Alternatively, if you know the schema you can create a case-class that represents it and map your RDD elements into instances of this class before transforming into a DataFrame, e.g.:
case class Record(id: Int, name: String)
val myFile1 = myFile.map(x=>x.split(";")).map {
case Array(id, name) => Record(id.toInt, name)
}
myFile1.toDF() // DataFrame will have columns "id" and "name"
I have given different ways to create DataFrame from text file
val conf = new SparkConf().setAppName(appName).setMaster("local")
val sc = SparkContext(conf)
raw text file
val file = sc.textFile("C:\\vikas\\spark\\Interview\\text.txt")
val fileToDf = file.map(_.split(",")).map{case Array(a,b,c) =>
(a,b.toInt,c)}.toDF("name","age","city")
fileToDf.foreach(println(_))
spark session without schema
import org.apache.spark.sql.SparkSession
val sparkSess =
SparkSession.builder().appName("SparkSessionZipsExample")
.config(conf).getOrCreate()
val df = sparkSess.read.option("header",
"false").csv("C:\\vikas\\spark\\Interview\\text.txt")
df.show()
spark session with schema
import org.apache.spark.sql.types._
val schemaString = "name age city"
val fields = schemaString.split(" ").map(fieldName => StructField(fieldName,
StringType, nullable=true))
val schema = StructType(fields)
val dfWithSchema = sparkSess.read.option("header",
"false").schema(schema).csv("C:\\vikas\\spark\\Interview\\text.txt")
dfWithSchema.show()
using sql context
import org.apache.spark.sql.SQLContext
val fileRdd =
sc.textFile("C:\\vikas\\spark\\Interview\\text.txt").map(_.split(",")).map{x
=> org.apache.spark.sql.Row(x:_*)}
val sqlDf = sqlCtx.createDataFrame(fileRdd,schema)
sqlDf.show()
If you want to use the toDF method, you have to convert your RDD of Array[String] into a RDD of a case class.

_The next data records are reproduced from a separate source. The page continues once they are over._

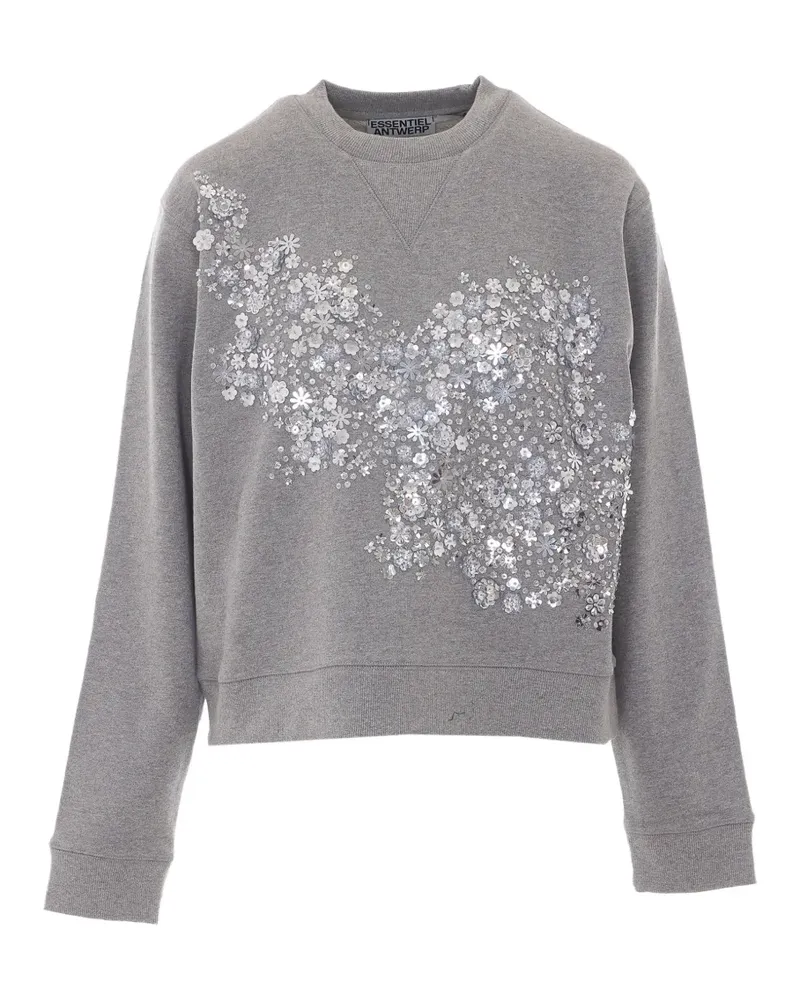 Essentiel Sweatshirt mit Pailletten und Blumenpatch - Grau Grau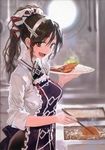  :d adapted_costume alternate_hairstyle annotated apron ashigara_(kantai_collection) bangs blurry bob_(biyonbiyon) brown_eyes brown_hair chopsticks collared_shirt cooking cooking_oil curry curry_rice depth_of_field fangs food frilled_apron frills from_side hair_between_eyes hair_up hairband holding holding_chopsticks holding_plate kantai_collection katsu_(food) long_hair looking_at_viewer official_art open_mouth plate ponytail porthole raised_eyebrow remodel_(kantai_collection) rice shirt sidelocks signal_flag sleeves_folded_up smile solo steam teeth upper_body wavy_hair white_shirt window 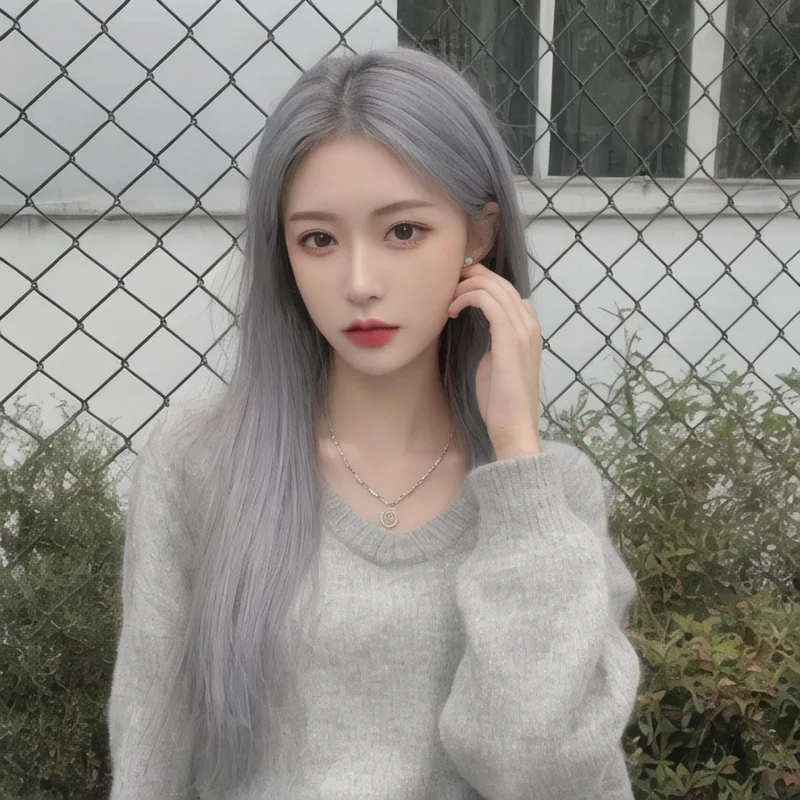 

Women's wig, granny gray, middle-parted, long straight synthetic hair, suitable for short video sales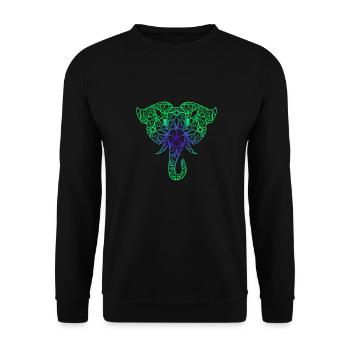 Idée de cadeau coloré de l'éléphant de l'Inde - Sweat-shirt Unisexe - noir - Devant - Alina (178cm) & Michal (187cm)
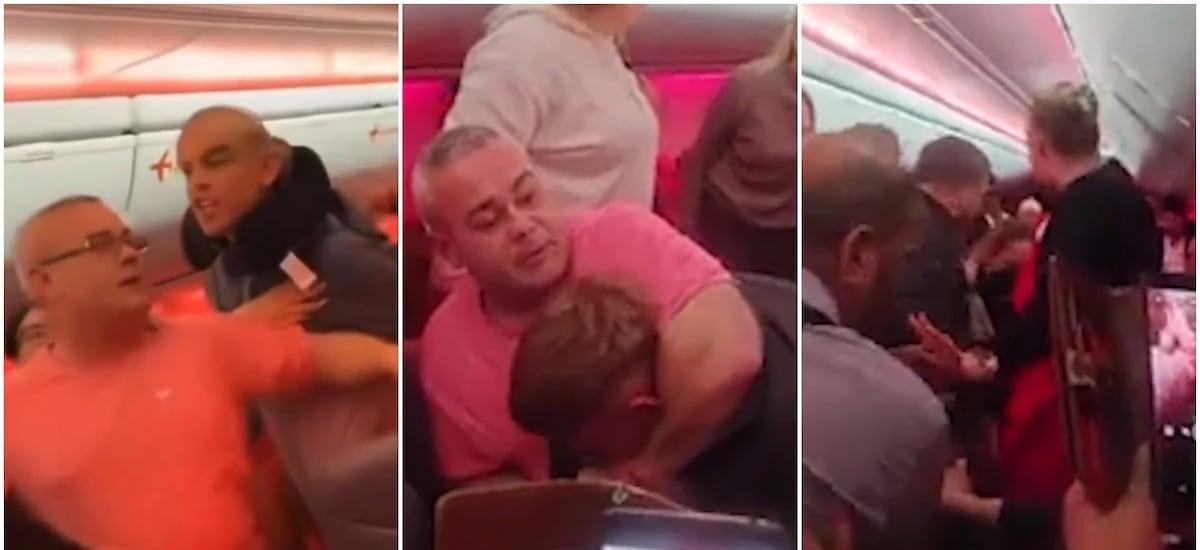 Captan violento altercado entre pasajeros que obligó a desviar un vuelo y aterrizar de emergencia en Bélgica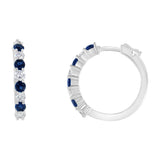 10K White Gold, Â½ Cttw Diamond, & Â½ Cttw Lab-Grown Blue Sapphire Leverback Hoop Earrings (H-I Color, I1-I2 Clarity)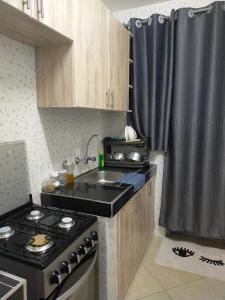 a small kitchen with a stove and a sink at One bedroom apartments tulivu in Thika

For example, you have to do:
case class Test(id:String,filed2:String)
val myFile = sc.textFile("file.txt")
val df= myFile.map( x => x.split(";") ).map( x=> Test(x(0),x(1)) ).toDF()
You will not able to convert it into data frame until you use implicit conversion.
val sqlContext = new SqlContext(new SparkContext())
import sqlContext.implicits._
After this only you can convert this to data frame
case class Test(id:String,filed2:String)
val myFile = sc.textFile("file.txt")
val df= myFile.map( x => x.split(";") ).map( x=> Test(x(0),x(1)) ).toDF()
val df = spark.read.textFile("abc.txt")
case class Abc (amount:Int, types: String, id:Int) //columns and data types
val df2 = df.map(rec=>Amount(rec(0).toInt, rec(1), rec(2).toInt))
rdd2.printSchema
root
|-- amount: integer (nullable = true)
|-- types: string (nullable = true)
|-- id: integer (nullable = true)
A txt File with PIPE (|) delimited file can be read as :
df = spark.read.option("sep", "|").option("header", "true").csv("s3://bucket_name/folder_path/file_name.txt")
I know I am quite late to answer this but I have come up with a different answer:
val rdd = sc.textFile("/home/training/mydata/file.txt")
val text = rdd.map(lines=lines.split(",")).map(arrays=>(ararys(0),arrays(1))).toDF("id","name").show
You can read a file to have an RDD and then assign schema to it. Two common ways to creating schema are either using a case class or a Schema object [my preferred one]. Follows the quick snippets of code that you may use.
Case Class approach
case class Test(id:String,name:String)
val myFile = sc.textFile("file.txt")
val df= myFile.map( x => x.split(";") ).map( x=> Test(x(0),x(1)) ).toDF()
Schema Approach
import org.apache.spark.sql.types._
val schemaString = "id name"
val fields = schemaString.split(" ").map(fieldName => StructField(fieldName, StringType, nullable=true))
val schema = StructType(fields)
val dfWithSchema = sparkSess.read.option("header","false").schema(schema).csv("file.txt")
dfWithSchema.show()
The second one is my preferred approach since case class has a limitation of max 22 fields and this will be a problem if your file has more than 22 fields!